Russia is actively sponsoring Europe’s right-wing and populist movements, creating across the EU a network of allies sympathetic to the Kremlin, says analyst James Wilson. Moscow’s main goal is to create new regions of instability along the EU’s borders, and to split EU unity on the policy of maintaining sanctions against Russia, he writes for EU Observer:
A key strategic target for Russian sponsored actions is Hungary. Europe’s leaders appear to be blind to what is happening, and are failing to recognise the potential threat to civilised democracy. Viktor Orban, the Hungarian conservative, together with Italian and Czech populists, are campaigning to lift sanctions imposed against Russia for military aggression in Ukraine.

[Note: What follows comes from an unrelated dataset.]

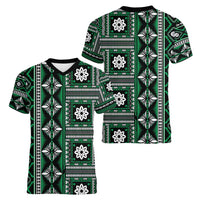 Fiji Masi Tapa Pattern Green Women V-Neck T-Shirt - Polynesian Pride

If there is one painful lesson that we have learned in the 100 years since the end of World War I, it is that democracy’s friends on both sides of the Atlantic must speak up when it is under assault, according to Brookings Institution fellow Norman Eisen and Jeffrey Gedmin, editor-in-chief of The American Interest and former CEO of Radio Free Europe/Radio Liberty.
They have joined with members and supporters of the bipartisan Transatlantic Democracy Working Group “to warn that the Hungarian government is about to hit another milestone in its move away from democracy — by ejecting a leading university from its capital. And we are calling for a tough American response,” they write for CNN:
We commend the stance our government has taken so far. For the US government understands, as do we, that this is not only another tear in Hungary’s democratic fabric. With CEU, Orban is banishing an institution with roots in the United States.
We believe the State Department and White House should publicly state that they are downgrading the level of meetings below the current level of regular access with Hungarian officials. And Secretary of State Mike Pompeo should hold off on meeting again with his Hungarian counterpart, as he did in May, until Hungary demonstrates reciprocal principled engagement. The Trump administration must also publicly censure Hungary for its attack on academic freedom — the latest in a series of assaults by the Orban government on Hungary’s democratic culture.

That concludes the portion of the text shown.